Operating Highlights
- Double-digit advertising
revenue. The addition of 5.1 million Hallmark Channel
subscribers and 6.7 million Hallmark Movies & Mysteries
subscribers, over the last twelve months, coupled with ratings and
pricing improvements particularly on Hallmark Movies &
Mysteries, resulted in 21% advertising revenue growth quarter over
quarter and full year growth of 18%.
- Fall Harvest galvanized the
fourth quarter of 2015. Hallmark Channel kicked off the fall
season with four original movie premiers in October 2015,
delivering increases of 12% among households and 6% among Women 25
to 54 over the same period in 2014.
- Countdown to Christmas again
elevated Hallmark Channel to be the #1 rated cable network in
November and December 2015 among Women 25 to 54. Countdown to
Christmas Thanksgiving Week event featured five back to back
original movie premieres which led Hallmark Channel to its highest
ever week, month, and quarter in audience Prime Time delivery.
- Hallmark Movies & Mysteries’
Most Wonderful Movies of Christmas gained new audiences in
2015. In its third season, Most Wonderful Movies of Christmas
featured four original movie premieres reaching 33.3 million
viewers, a 13% growth from 2014. In addition, Hallmark Movies &
Mysteries achieved its most watched movie premiere among Women and
Adults 25 to 54 (Debbie Macomber’s Dashing through the Snow) and
reached its highest Prime Time week, month, and quarter in network
history.
- Crown Media renewed its carriage
with NCTC members in a multi-year agreement.
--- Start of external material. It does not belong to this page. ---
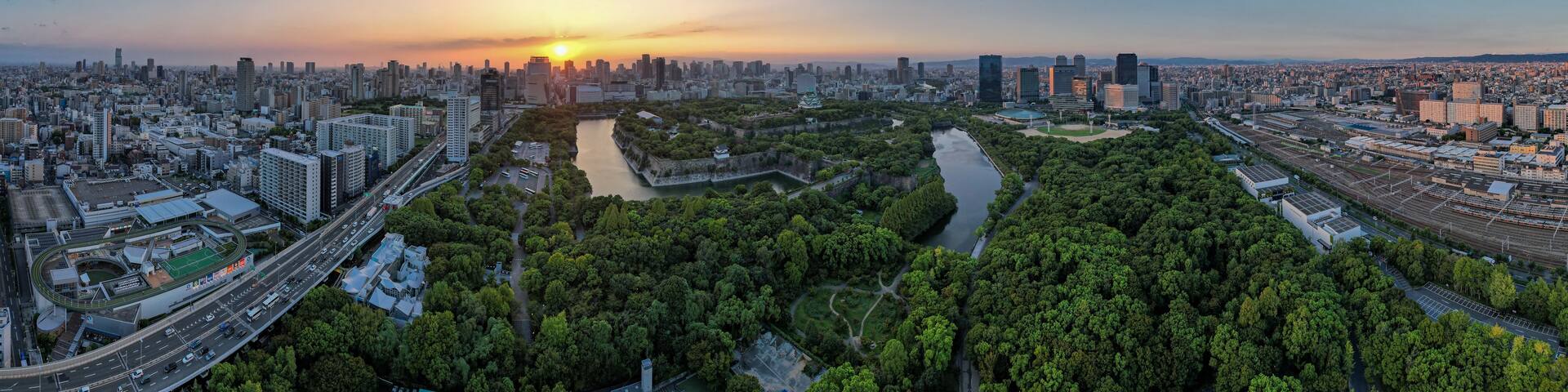 A cityscape at sunset with a river running through the center, surrounded by greenery and modern buildings.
In December 2015,
Crown Media finalized its renewal agreement with NCTC, extending
the carriage of Hallmark Channel and Hallmark Movies &
Mysteries.
“2015 marked another year of significant achievements with the
expansion of our subscriber base, strong growth in audience for
both channels and double-digit quarterly advertising sales
increases” said Bill Abbott, President and CEO of Crown Media
Family Networks. “Forging ahead in 2016, we will continue to focus
on being the celebration destination for viewers with events such
as Winterfest, Countdown to Valentine’s Day, June Weddings, Fall
Harvest, and Thanksgiving Weekend Event.”
Financial Results
Historical financial information is provided in tables at the
end of this release.
Operating Results
For the fourth quarter of 2015, Crown Media reported revenue of
$158.8 million, an 18% increase from $134.2 million in the fourth
quarter of 2014. Advertising revenue increased 21% to $134.1
million from $111.1 million in the fourth quarter of 2014 due to
audience growth across both channels. Subscriber fee revenue
increased 8% to $22.0 million from $20.3 million in the fourth
quarter of 2014 primarily due to revenue from AT&T. Other
revenue decreased $0.3 million for the quarter to $2.6 million as
compared to $2.9 million in the prior year’s quarter due to the
timing of the Company’s film licensing arrangements in the
international market.
For 2015, Crown Media reported revenue of $478.7 million, a 15%
increase from $415.6 million in 2014. Advertising revenue increased
18% to $386.2 million in 2015 from $327.7 million in 2014. The
increase in advertising revenue was due to subscriber, pricing and
ratings growth across both channels. Subscriber fee revenue
increased 3% to $85.3 million in 2015 from $82.9 million in 2014.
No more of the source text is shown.